In March 2025, Museion will present a landmark exhibition about the relationship between graffiti and contemporary fine art. The first museum exhibition in Italy to investigate the art history of spray paint, Graffiti focuses on how the visual vernacular of the city and the street has entered the studio.

The exhibition contends that graffiti is a way of seeing and experiencing urban landscapes. Bringing together transdisciplinary works from across a 75 year period, the show centers on an approach that moves beyond the historization of graffiti as an “outsider” practice. Beginning with pre-graffiti spray paintings from the 1950s and 1960s, the exhibition unfolds through works by renowned graffiti writers of the 1980s, and contemporary artists who implement graffiti into their diverse practices.

Spray paint, the tool which characterizes contemporary graffiti, was patented in the United States in 1951. Between its introduction as a product in the 1950s and the late 1960s – when the form of graffiti that is widely recognized today was first practiced – there was a lapse of almost 20 years, during which fine artists also experimented with the tool. Once spray paint became the dominant style for graffiti writing, its subsequent use in any capacity became tied to graffiti. A simple line of spray paint immediately calls to mind associations with rebellion and urbanity, whether this is intentional or not. Occupying 1,500 square meters across the two largest floors of Museion, Graffiti features key works from the latter half of the 20th Century until the present day, as well as site-specific new works.

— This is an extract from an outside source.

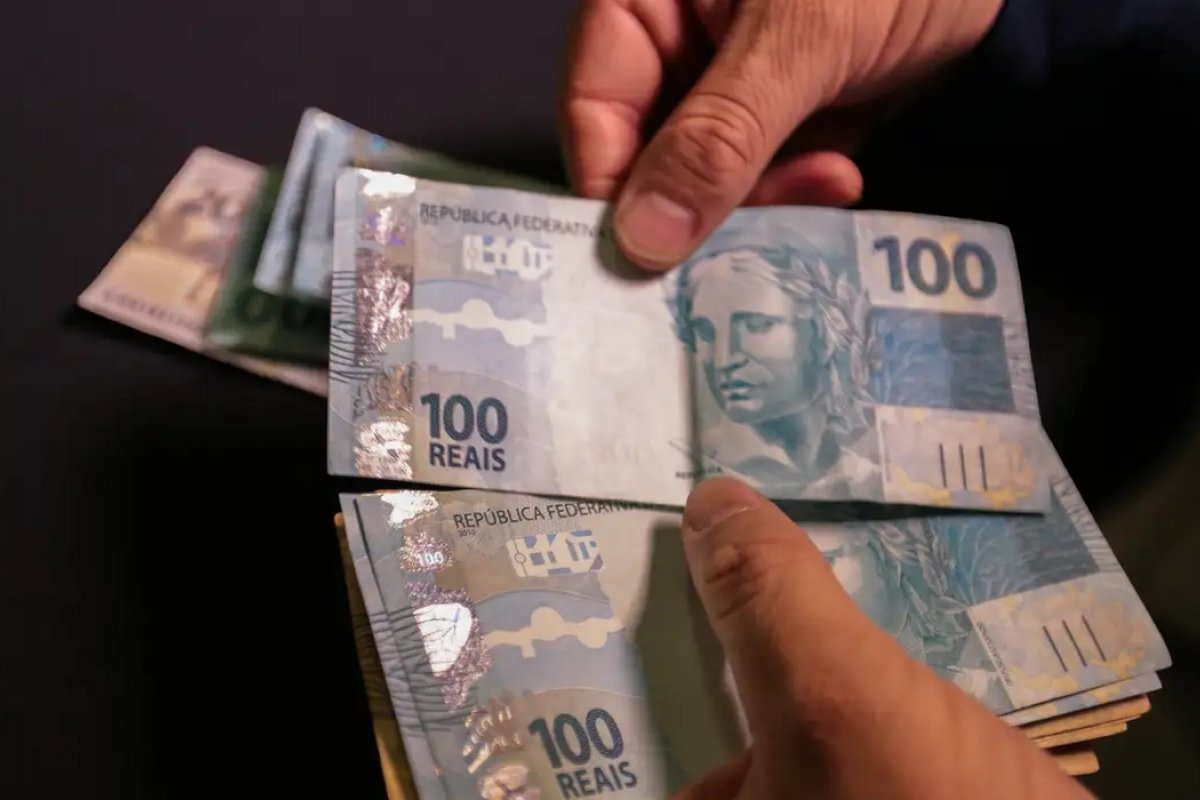 Governo Lula projeta salário mínimo de R$ 1.630 em 2026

Graffiti takes – as its point of departure – works from the 1950s and 1960s by artists such as David Smith, Martin Barré, Dan Christensen, Carol Rama, and Charlotte Posenenske. In juxtaposition are spray paint on canvas works by seminal graffiti writers such as Rammellzee, Futura 2000, Blade, and Lee Quiñones. A selection of significant 1980s and 1990s paintings, which clearly reference or incorporate graffiti, by Lady Pink and Jenny Holzer, Martin Wong and LA2, and Keith Haring, are followed by more recent examples of spray paintings by Heike-Karin Föll, Michael Krebber, and Christopher Wool. Digital tag drawings by Georgie Nettell meet Patricia L. Boyd’s photogram of a bus shelter and Karin Sander’s Patina Paintings, among many other works. This part of the exhibition further includes artworks by contemporary graffiti writers such as Kunle Martins and Wanto, and a new piece by N.O.Madski in dialogue with sculptures by Kaya.

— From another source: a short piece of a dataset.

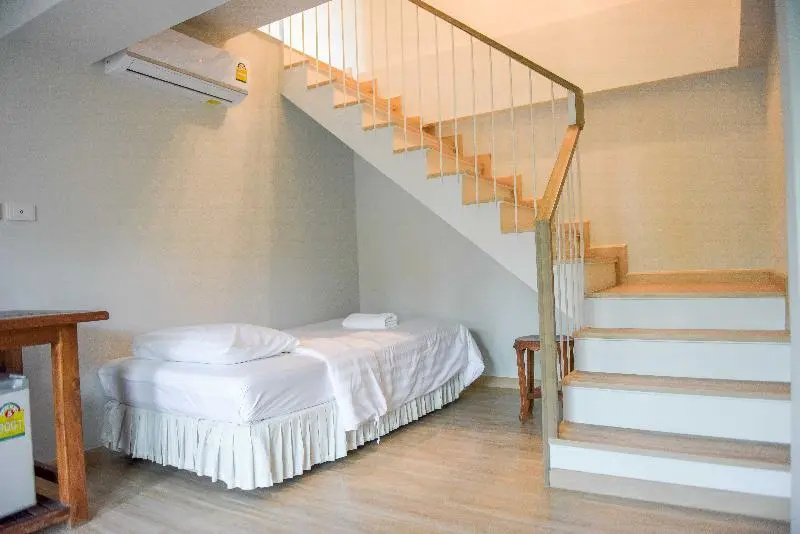 Deluxe Quadruple room with pool view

The exhibition continues in the form of a city scape, occupied by various works incorporating urban realities. This includes films and photography by Charles Atlas and Manuel DeLanda, as well as numerous large-scale installations and sculptures such as Klara Lidén’s readymade trash cans and junction boxes, or Josephine Pryde’s New Media Express, a model train covered in miniature graffiti. Graffiti methods of mark-making are reflected in R.I.P. Germain’s sculpture of a false storefront, a new wall installation by Matias Faldbakken, and street casts by Alix Vernet.

The exhibition is co-curated by New York-based artist and archivist Ned Vena (b. 1982 Boston, USA). His artistic practice, which involves paintings, sculptures, installations, and films, was deeply informed by his active practice as a graffiti writer and his profound research into the history of graffiti; and vice versa, his thorough studies of the history of painting also shaped his understanding of graffiti. Both his personal dedication and cross-disciplinary archival knowledge manifest in the exhibition.

Ned Vena says: “Graffiti was how I found my way into being an artist, but it is also how I see things; things like art, for example. Graffiti is an exhibition that includes works that are not necessarily about or from graffiti, but are works that, when I view them, conjure my experiences with graffiti”.

This exhibition inaugurates a new long-term Museion research project which focuses on soft and non-violent forms of resistance – and art as a social and urban practice. On March 26, 2025, prior to the opening, Graffiti will kick off with a cinema film screening of Chantal Akerman’s News from home (1976), organized in collaboration with the Filmclub Bozen Bolzano. The exhibition, initiated by Museion, is the result of a partnership between Museion and Centraal Museum, Utrecht.